Characteristic | Unf | NSP | SP | SP vs. NSP |
P |
NSP vs. Unf |
---|---|---|---|---|---|---|
SP vs. Unf | ||||||
Cell area, μm2 | 91.40 ± 18.310 | 91.50 ± 22.08 | 77.84 ± 16.21 | 7.28 × 10−14 | 1.04 × 10−8 | 0.0691 |
Cell diameter, μm | 10.79 ± 1.06 | 10.72 ± 1.29 | 9.90 ± 1.04 | 2.29 × 10−13 | 1.26 × 10−8 | 0.7760 |
Nuclear area, μm2 | 55.54 ± 12.77 | 54.29 ± 14.70 | 51.71 ± 11.32 | 0.0002 | 2.35 × 10−15 | 0.8025 |
Unf, n = 270; NSP, n = 336; SP, n = 347.
Epidermal SP Exhibits Inferior in Vitro Proliferative Output but Superior in Vivo Epidermal Tissue-Regenerative Activity.
We have shown that short-term culture does not allow separation of KSCs from their immediate progeny in neonatal human foreskin epidermis (1). We therefore developed a method for long-term serial cultivation of adult murine keratinocytes (31), which we further optimized to determine the comparative proliferative output of the epidermal SP, NSP, and Unf populations. The data obtained showed that the SP displayed significantly lower cumulative cell yield at passages 1 and 2 (Fig. 3a). Beyond passage 2, there were no statistically significant differences in cell output between the fractions (Fig. 3b), presumably reflecting adaptation to culture and loss of intrinsic functional differences.
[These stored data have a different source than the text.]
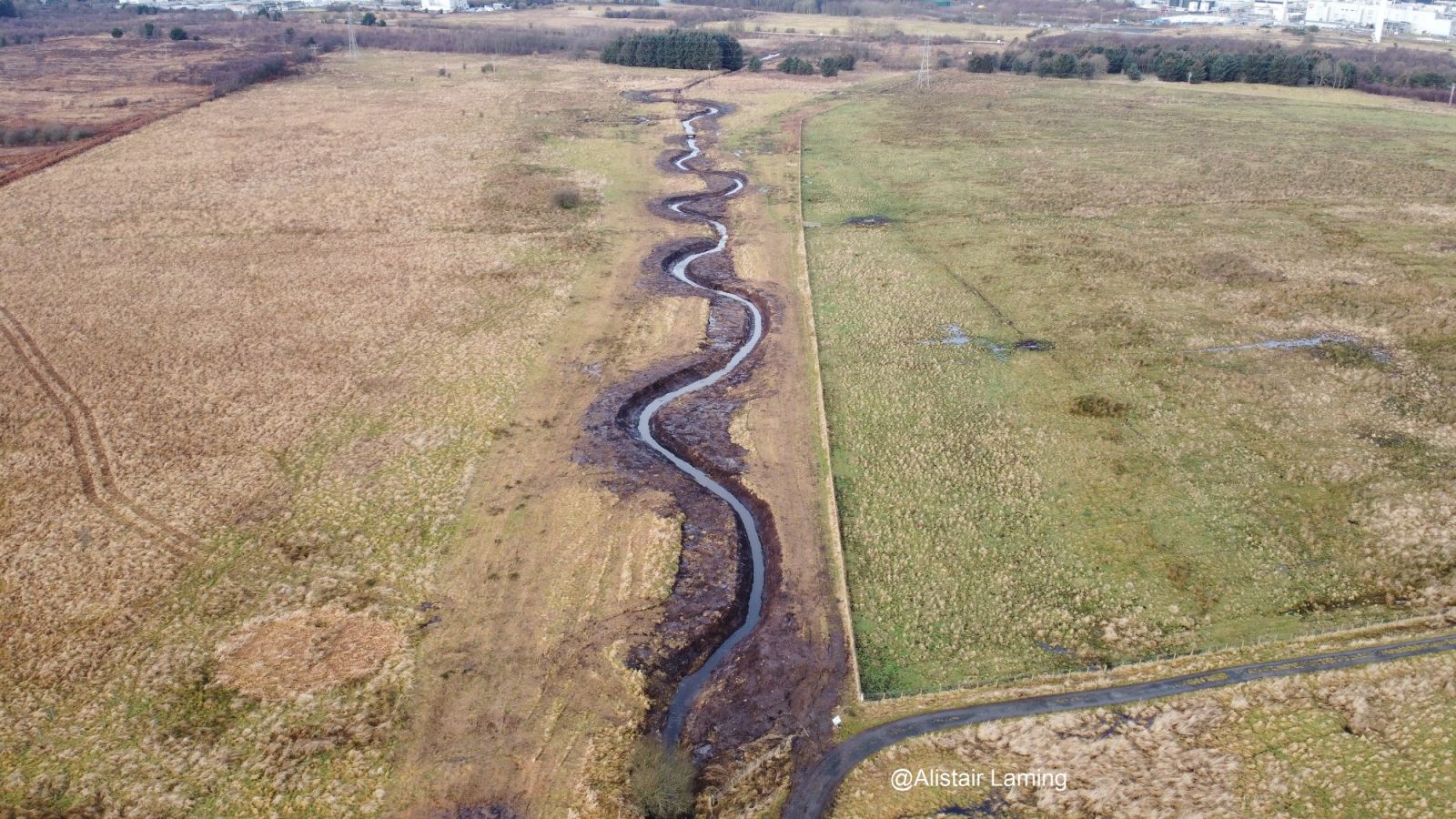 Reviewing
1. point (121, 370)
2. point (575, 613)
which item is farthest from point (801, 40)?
point (575, 613)

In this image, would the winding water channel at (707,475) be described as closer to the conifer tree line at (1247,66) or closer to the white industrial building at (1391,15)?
the conifer tree line at (1247,66)

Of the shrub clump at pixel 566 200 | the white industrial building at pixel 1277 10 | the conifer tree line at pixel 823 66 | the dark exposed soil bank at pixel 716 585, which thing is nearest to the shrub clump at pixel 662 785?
the dark exposed soil bank at pixel 716 585

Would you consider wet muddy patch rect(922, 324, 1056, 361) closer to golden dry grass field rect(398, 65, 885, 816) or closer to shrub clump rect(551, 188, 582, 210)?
golden dry grass field rect(398, 65, 885, 816)

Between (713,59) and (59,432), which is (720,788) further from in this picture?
(713,59)

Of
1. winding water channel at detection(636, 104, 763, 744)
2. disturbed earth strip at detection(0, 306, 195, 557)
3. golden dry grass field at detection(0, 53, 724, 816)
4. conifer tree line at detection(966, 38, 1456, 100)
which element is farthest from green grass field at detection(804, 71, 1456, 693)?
conifer tree line at detection(966, 38, 1456, 100)

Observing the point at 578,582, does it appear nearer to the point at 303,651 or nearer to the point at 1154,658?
the point at 303,651

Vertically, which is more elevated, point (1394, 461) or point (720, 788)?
point (1394, 461)

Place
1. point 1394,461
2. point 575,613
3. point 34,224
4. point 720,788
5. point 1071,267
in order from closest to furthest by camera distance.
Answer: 1. point 720,788
2. point 575,613
3. point 1394,461
4. point 1071,267
5. point 34,224

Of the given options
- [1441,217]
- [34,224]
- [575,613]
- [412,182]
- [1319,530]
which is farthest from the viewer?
[412,182]

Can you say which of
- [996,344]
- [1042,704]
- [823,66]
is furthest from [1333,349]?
[823,66] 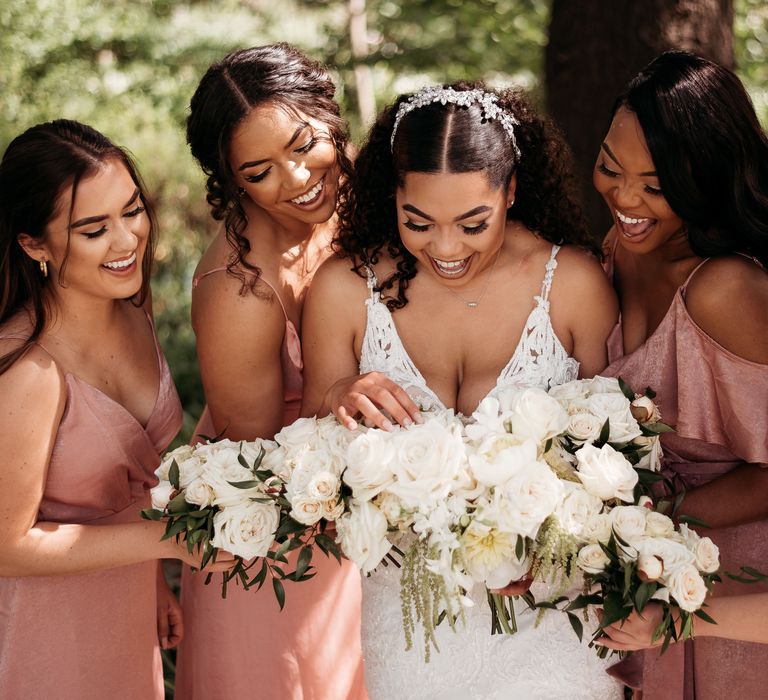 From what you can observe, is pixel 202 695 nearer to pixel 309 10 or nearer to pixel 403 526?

We then sought to determine the tissue-regenerative capacity of Hoechst subsetted keratinocytes, given that tissue reconstitution can rightly be regarded as a more rigorous assay for stem cells (32, 33). Denuded rat tracheas were inoculated with Hoechst fractions and transplanted s.c. into SCID recipients to assess their in vivo epidermal tissue regenerative capacity. This study revealed that all freshly isolated Hoechst fractions from adult murine epidermis were able to reconstitute a pluristratified epithelium for up to 6 weeks when transplanted without prior culture (Fig. 4a–c). Notably, only the SP subset gave rise to an epidermis exhibiting all of the hallmarks of the native tissue, including a polarized basal layer, multiple progressively flattening living cell layers, a granular layer, and thick stratum corneum sloughing from the surface in many contiguous strips (Fig. 4c), indicative of enrichment for tissue-regenerating cells in the SP fraction. This finding was further confirmed by analysis for Ki67 as a marker for the proliferative index of the epithelial sheets generated from primary cell transplants (Fig. 4 d–f). These data are consistent with the recent observation that human epidermal SPs isolated from cultures also exhibit sustained proliferative and organotypic potential (12).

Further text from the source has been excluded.